Task item:
Using the records that appear below, write out exactly the lines from the one with "a doutrina dizimista, seria" through the one with "plenitude do lagar.", keeping both end lines.

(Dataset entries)
# # #

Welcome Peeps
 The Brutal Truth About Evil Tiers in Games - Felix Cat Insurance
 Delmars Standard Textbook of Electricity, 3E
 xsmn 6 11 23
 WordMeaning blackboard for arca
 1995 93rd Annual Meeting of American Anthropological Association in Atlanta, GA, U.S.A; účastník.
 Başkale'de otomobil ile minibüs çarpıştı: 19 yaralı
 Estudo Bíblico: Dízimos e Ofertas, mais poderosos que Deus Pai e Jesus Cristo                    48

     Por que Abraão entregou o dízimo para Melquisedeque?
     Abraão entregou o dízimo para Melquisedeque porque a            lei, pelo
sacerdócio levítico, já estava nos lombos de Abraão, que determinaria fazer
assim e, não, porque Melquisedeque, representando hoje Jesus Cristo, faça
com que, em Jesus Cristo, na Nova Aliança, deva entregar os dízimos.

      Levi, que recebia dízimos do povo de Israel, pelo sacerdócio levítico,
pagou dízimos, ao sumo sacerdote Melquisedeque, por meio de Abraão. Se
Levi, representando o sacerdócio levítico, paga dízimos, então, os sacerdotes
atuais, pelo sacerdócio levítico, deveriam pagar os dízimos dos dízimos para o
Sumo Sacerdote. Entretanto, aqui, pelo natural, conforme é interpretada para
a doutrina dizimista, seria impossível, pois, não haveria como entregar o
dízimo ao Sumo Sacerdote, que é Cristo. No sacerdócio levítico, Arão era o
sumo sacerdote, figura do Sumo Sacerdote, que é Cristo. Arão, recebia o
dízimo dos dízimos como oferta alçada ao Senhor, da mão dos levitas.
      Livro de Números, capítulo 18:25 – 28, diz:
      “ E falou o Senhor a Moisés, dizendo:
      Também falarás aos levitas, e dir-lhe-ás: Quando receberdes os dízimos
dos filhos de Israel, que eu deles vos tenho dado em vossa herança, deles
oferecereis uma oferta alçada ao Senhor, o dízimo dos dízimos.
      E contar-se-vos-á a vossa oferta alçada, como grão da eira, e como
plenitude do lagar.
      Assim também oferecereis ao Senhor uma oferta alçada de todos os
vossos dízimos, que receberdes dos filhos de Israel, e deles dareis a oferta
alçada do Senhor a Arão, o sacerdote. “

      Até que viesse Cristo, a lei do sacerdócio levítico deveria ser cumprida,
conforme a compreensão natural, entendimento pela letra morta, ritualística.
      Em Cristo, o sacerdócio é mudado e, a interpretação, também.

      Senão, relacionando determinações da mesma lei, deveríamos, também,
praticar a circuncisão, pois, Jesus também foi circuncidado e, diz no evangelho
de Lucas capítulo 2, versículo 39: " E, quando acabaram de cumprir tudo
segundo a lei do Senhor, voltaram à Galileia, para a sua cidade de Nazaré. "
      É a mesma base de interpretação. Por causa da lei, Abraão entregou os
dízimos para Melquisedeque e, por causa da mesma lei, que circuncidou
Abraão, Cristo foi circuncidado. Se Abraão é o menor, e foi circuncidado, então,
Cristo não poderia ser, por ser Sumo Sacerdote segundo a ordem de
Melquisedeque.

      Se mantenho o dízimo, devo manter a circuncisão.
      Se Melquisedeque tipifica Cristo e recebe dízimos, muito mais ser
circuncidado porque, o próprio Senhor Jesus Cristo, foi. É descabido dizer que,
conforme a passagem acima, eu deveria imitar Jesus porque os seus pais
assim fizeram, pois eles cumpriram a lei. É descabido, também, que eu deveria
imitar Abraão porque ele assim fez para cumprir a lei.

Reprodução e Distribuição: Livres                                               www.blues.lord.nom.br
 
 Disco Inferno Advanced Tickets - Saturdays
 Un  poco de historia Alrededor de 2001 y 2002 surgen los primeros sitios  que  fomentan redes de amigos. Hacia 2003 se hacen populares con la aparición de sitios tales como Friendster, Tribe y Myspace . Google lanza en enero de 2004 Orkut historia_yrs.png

# # #

Expected answer:
a doutrina dizimista, seria impossível, pois, não haveria como entregar o
dízimo ao Sumo Sacerdote, que é Cristo. No sacerdócio levítico, Arão era o
sumo sacerdote, figura do Sumo Sacerdote, que é Cristo. Arão, recebia o
dízimo dos dízimos como oferta alçada ao Senhor, da mão dos levitas.
      Livro de Números, capítulo 18:25 – 28, diz:
      “ E falou o Senhor a Moisés, dizendo:
      Também falarás aos levitas, e dir-lhe-ás: Quando receberdes os dízimos
dos filhos de Israel, que eu deles vos tenho dado em vossa herança, deles
oferecereis uma oferta alçada ao Senhor, o dízimo dos dízimos.
      E contar-se-vos-á a vossa oferta alçada, como grão da eira, e como
plenitude do lagar.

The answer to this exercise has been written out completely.